Apoorva Joshi - Senior Data Scientist @ Elastic

Learn more about Apoorva on her site and LinkedIn.

Please share a bit about yourself: your current role, where you work, and what you do?

Hello there! I'm Apoorva and I'm currently a Senior Data Scientist on the Protections Team at Elastic. To put it simply, my work deals with using Machine Learning to catch malware. It's an exciting time to be on this team as a Data Scientist as I get to pioneer efforts in bringing ML-based solutions to our Security Product.

These solutions can be in the form of detection capabilities for different kinds of malware attacks (an example of this can be found on this blog I wrote a while ago), enrichments that improve the user experience, or ways for users to derive better insights from their data.

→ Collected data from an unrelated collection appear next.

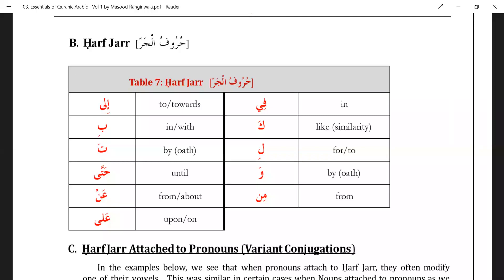So that's five: ba, ta, kaaf, lam, waw. Then number six is 'min', which means 'from'. Then: fi, an, ala, hatta, ila — that's five more. 'Fi' means 'in'. 'An' means 'about' or 'from', like 'anil naba'il azeem'. 'Ala' means 'upon' or 'on'. 'Hatta' means 'until'. 'Ila' means 'to' or 'towards'. So five plus one plus five equals eleven. In Arabic, total huruf jar are 17; 11 of these are very commonly used. We need to learn these 11 by heart very well.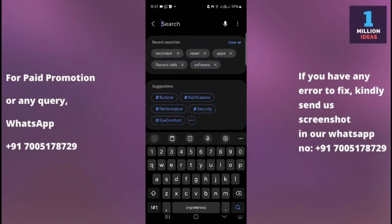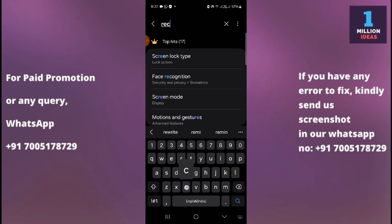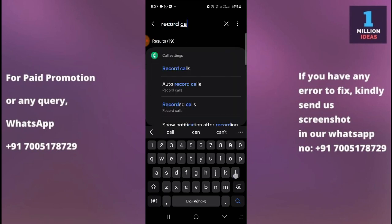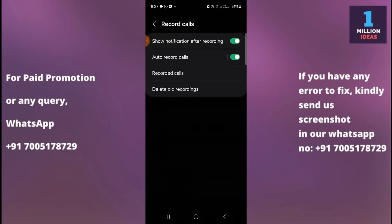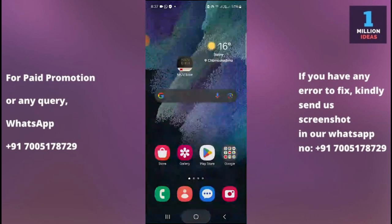Another way to access this option is to go to your phone's Settings, then go to the search button and type R-E-C-O-R-D — 'record calls'. As you can see, Recorded Calls appears here. Click on Recorded Calls, and from here you can also reach the recorded calls section.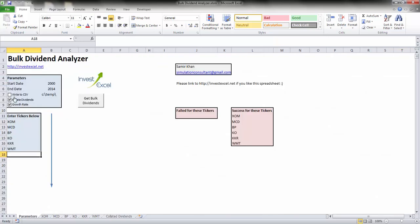If this is checked, write to CSV. The historical dividend data is written to a text file, one for each stock ticker, in this directory.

What was your path towards working with machine learning? What factors helped along the way?

Phew! My path to machine learning was quite unconventional, or so I thought, until I met people who end up in the field from the most unexpected backgrounds. I got my Bachelor's degree in Electrical Engineering and then proceeded to get a Master's in Computer Engineering. However, I never felt like that was my calling. And turns wasn't.

I took a Machine Learning course in my second semester in Graduate School, and loved doing the assignments for the course. For once, things felt intuitive. When I was later researching topics for my Master's thesis, I knew that this is something I wanted to explore further. I found a professor in the Business School that was working on some interesting stuff and spent the nine months that followed working on one of my favorite projects till date.

I think having a real project to work on while I was picking up new skills helped a lot. I truly believe that the best way to learn is by doing. Sure, coursework definitely helps to build the foundation and concepts, but being able to apply those concepts is really key.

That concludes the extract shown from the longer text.